Israeli video and installation artist

Shuli Nachshon (שולי נחשון; born in Essaouira, Morocco) is a video and installation artist, who lives and works in Israel.

==Biography==
Nachson emigrated with her family from Morocco to Israel at the age of 4. She grew up in Ofakim, a small town in the south of Israel. Nachshon studied law at the Hebrew University of Jerusalem and later psychology, art and philosophy at the University of Haifa. In her late twenties Nachshon started painting and sculpting and quickly moved to installations, video installations and video art.

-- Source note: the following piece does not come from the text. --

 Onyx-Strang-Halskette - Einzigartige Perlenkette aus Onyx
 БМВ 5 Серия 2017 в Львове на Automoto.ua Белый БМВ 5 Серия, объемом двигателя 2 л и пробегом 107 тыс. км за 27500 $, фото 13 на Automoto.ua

Nachshon lives in Nofit, Israel and teaches video art at Oranim.

==Work==
Nachshon's early work is characterized by her connection to earthy elements as a process personal growth, ritual and healing.
Through her work she transforms personal memories to collective memories.

===Selected works===
- The Shadows refuse to go (1993) a video and installation, University of Haifa.
- White tent - the laundresses (1994) video and installation, Tel Hai, Israel.
- Blue whale (1996) a video installation depicting the artist interacting with wheat, Janco Dada Museum, Ein Hod, Israel.
- Food process (1996) a video and mixed media installation, Phenomena, Jerusalem.
- Wheat (1997) Music and Wheat-Path Installation, Botanical Gardens, Jerusalem.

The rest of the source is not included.